Consider this example from a Christian author: If you came to doubt that Old Faithful, the geyser in Yellowstone Park, would really erupt on time and with regularity, how could you become convinced that it really was faithful? Would your faith in Old Faithful improve by staying home and telling yourself over and over, “I need more faith in Old Faithful. I just need to believe it.”? This wouldn’t help at all! The best way to become convinced of the geyser’s reliability is to go and see for yourself, or at least research it’s past faithfulness.
Similarly, the way for us to be strengthened, to be built up, “to come to the unity of the faith and of the knowledge of the Son of God,” is not to expect a stronger faith simply by going through life and thinking, “I need a stronger faith.” Rather, our faith is strengthened when we go to see God in action through His Word and when we research His past faithfulness there.
In God’s Word we find a witness to how faithful He was in providing salvation for us, and how faithful He was in guarding and keeping the believers of Biblical times. When we learn God’s faithfulness, hear His promises, and apply that to ourselves then we will continue to grow and develop a deepening spiritual maturity.
We understand the need for maturity and growth. We desire that our children mature physically, emotionally, and intellectually into adulthood. The desire that God has for our hearts and our faith is no less. Growth in spiritual maturity is certainly something we wish to pursue.

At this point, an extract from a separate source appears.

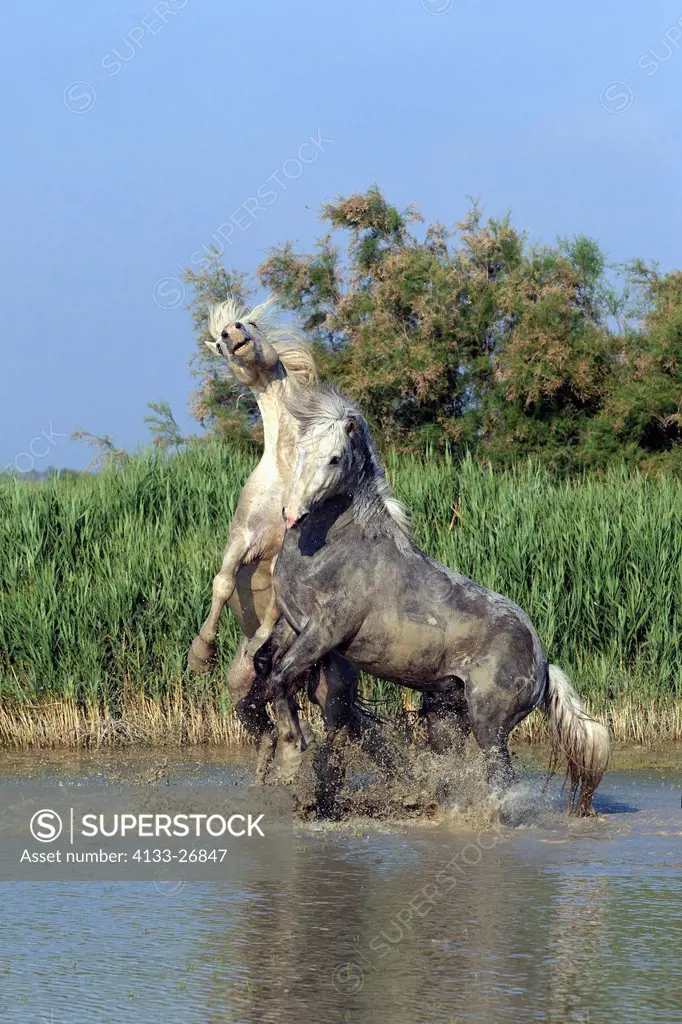 Camargue Horse,Equus caballus,Saintes Marie de la Mer,France,Europe,Camargue,Bouches du Rhone,stallions fighting in water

Spiritual immaturity is characterized by being pulled this way and that way by every new spiritual fad and doctrine; or by being easily blown into doubt concerning God with every new human challenge to His truth. A young child quickly changes his preferences and viewpoints depending on who has said what most recently. As a child matures, he develops a consistency that comes with maturity. Spiritually, we want to grow into maturity that isn’t easily pulled from one thing to the next so that instead of being tossed about by every new fad and doctrine we will stand fast and not be pulled from the cornerstone of our Savior.
Spiritual maturity is very important in this world because there are, as Paul told the Colossians, many who will seek to “cheat you through philosophy and empty deceit, according to the traditions of men, according to the basic principles of the world, and not according to Christ” (Colossians 2:8-9).

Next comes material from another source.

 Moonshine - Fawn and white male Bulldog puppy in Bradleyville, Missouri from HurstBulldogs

Another part of Christian maturity is to speak the truth in love (cf. v.15). It does not take any particular spiritual maturity to simply take God’s Law and “hammer” anybody and everybody with it and condemning everyone. That is just taking one aspect of God’s Word and “letting them have it.” It doesn’t take much spiritual maturity to speak as if sin doesn’t matter—ignoring sin and talking about God’s love.

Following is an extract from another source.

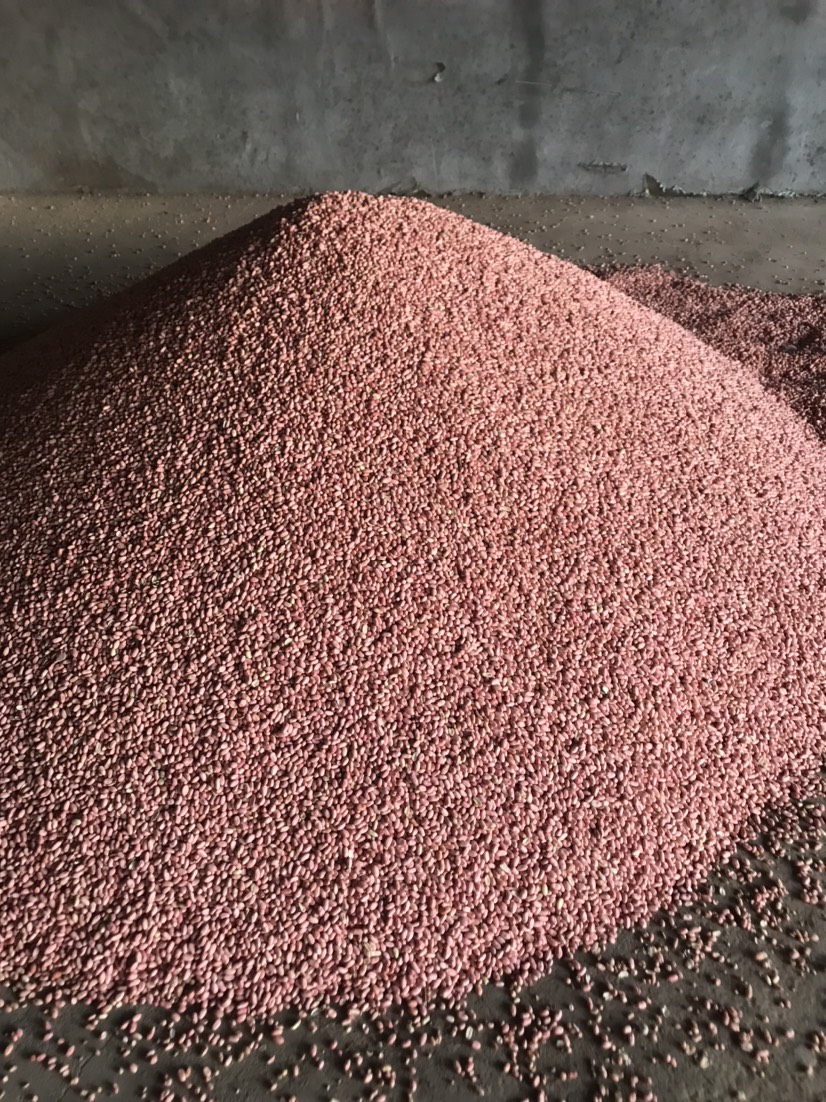 油料花生米 干货 花生米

It doesn’t take much spiritual maturity to talk about God’s love without explaining how He demonstrates that love and what that love means in the context of our sins.
It doesn’t take much spiritual maturity to use God’s Word however and whenever it is convenient and for selfish purposes.
It does take a growing spiritual maturity to know when to apply Law to a heart and when to apply Gospel. It takes a spiritual maturity to speak the truth without compromise, but to do so in connection with Christ-like love with the well-being of a sinner’s soul in mind. This is why Martin Luther said that a true theologian is one who can rightly divide between Law and Gospel and apply them correctly—something he never claimed to have mastered despite his God-given insight and years of study.
Continuing growth will characterize spiritual maturity that stands fast in the truth of God’s Word, relies on His promises, continues to delve into His Word for even greater knowledge and faith, and then also shares it with others by speaking the truth in love.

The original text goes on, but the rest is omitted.